Jessie Hunter Brown was born into a farm family in the village of Hiram, Portage County, Ohio. A staff writer for Christian Standard, she often collaborated with composer James Henry Fillmore, Sr. (1849–1936). In 1897 she married John E. Pounds, minister of the Central Christian Church in Indianapolis, IN.

As a college-educated, frontier woman, she's considered by some to be part of the "first generation" of "New Women."

She died at her home in Hiram on March 3, 1921.

=== Family ===
Her parents were Holland Brown and Jane Abel Brown. Holland Brown was baptized after hearing Walter Scott preach; and the couple were abolitionists. A notable guest of her parents was James A. Garfield.

== Works ==
"Her pen produced upwards of eight hundred hymns, eighty short stories, seven novels, lyrics, and scripts for cantatas, and numerous brief essays and non-fiction articles."

=== Hymns ===
"Anywhere with Jesus" is possibly the most well-known of her poems. Some of her poems have been set to a number of musical scores, the most familiar being the tune "Serenity" by Daniel B. Towner (1850–1919). Her 1896 poem "Beautiful Isle" became the song "Beautiful Isle of Somewhere", which was sung at President McKinley's funeral and criticized by President Wilson.

=== Articles ===
Jessie Pounds edited four journals affiliated with the Stone-Campbell Movement: Disciple of Christ, the Christian Standard, the Christian-Evangelist, and The Christian Century.

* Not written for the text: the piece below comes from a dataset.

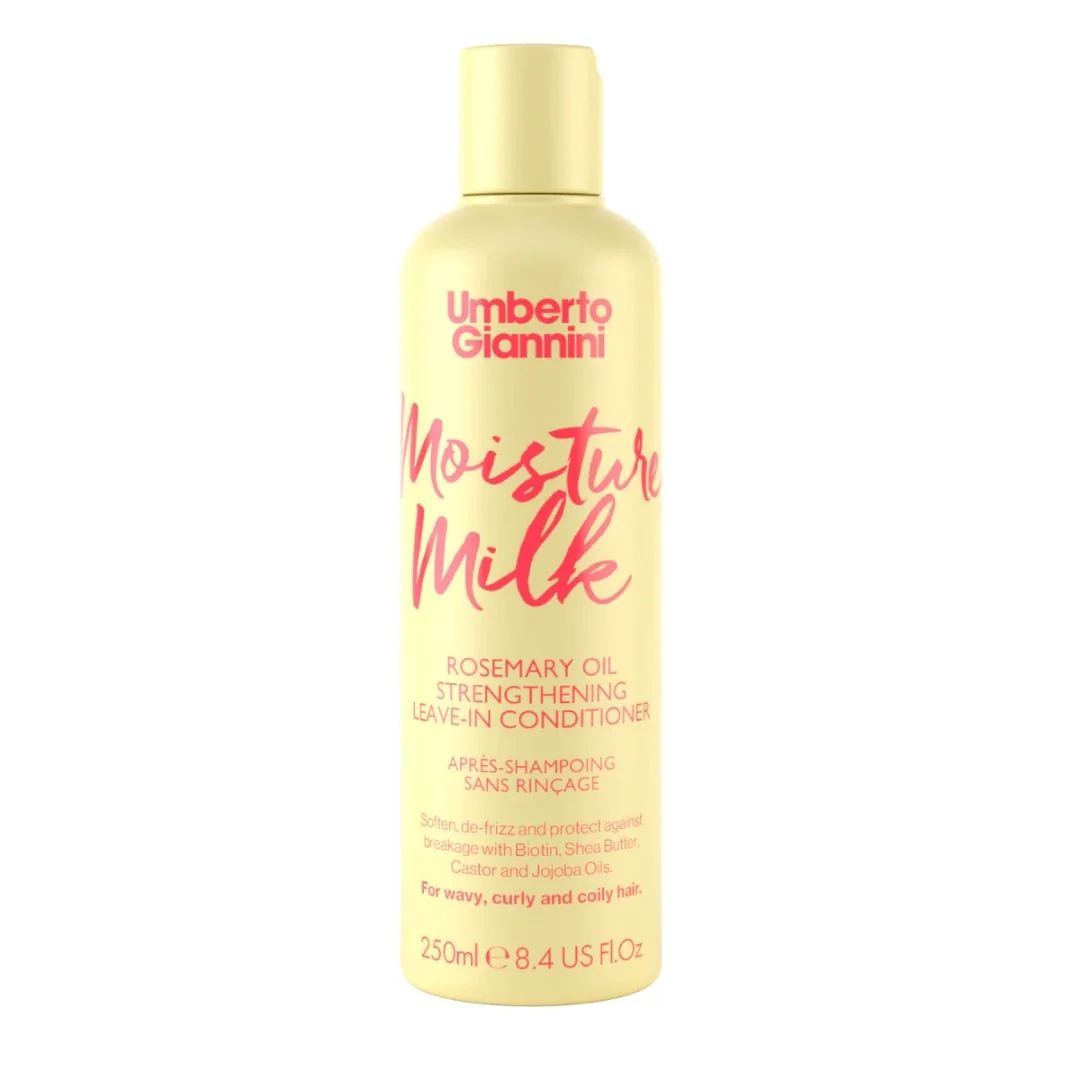 Umberto Giannini, Moisture Milk, Hair Leave-In Conditioner, Anti-Frizz & Curl Definition, 250 ml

Jessie Pound wrote an article entitled, "The Passing of Prince Albert," the title referred to the "Prince Albert Coat" which she's argued symbolized professional preachers airs such as "pulpted tones," formal pious vocabulary, and "ministerial manners." These airs created barriers preventing pastors from connecting with congregations; she argues that while the lessening of professionalism has its dangers,"There should be not regret that the day of the clergy as a "third sex" is over."

=== Novels ===
She also wrote "Inspirational" novels such as Rachel Sylvestre (1904); these novels were often about Alexander Campbell's desire to live according to New Testament doctrine.

Her literary remodels were British author George Eliot [Mary Ann Evans], whom she frequently quotes, and Elizabeth Barrett Browning. Jessie even chooses a pen name "Auris Leigh" when writing for the Christian Evangelist inspired by Browning's popular feminist hero, Aurora.

Dr. Sandra Parker worked to reprint some of Pound's work because she believes her work belongs in the American literary canon; After the Western Reserve is a reprint of eleven short stories and the novel Rachel Sylvestre with and introduction by Parker who believes "Pounds' use of dialects, her description of village life, and the development of characters in a half-dozen fictional Ohio communities..."preserve a disappearing rural heritage and chronicle local issues," many of which reflect the powerful influences that the churches—Methodist, Baptist, and Disciples fellowships—had in their communities."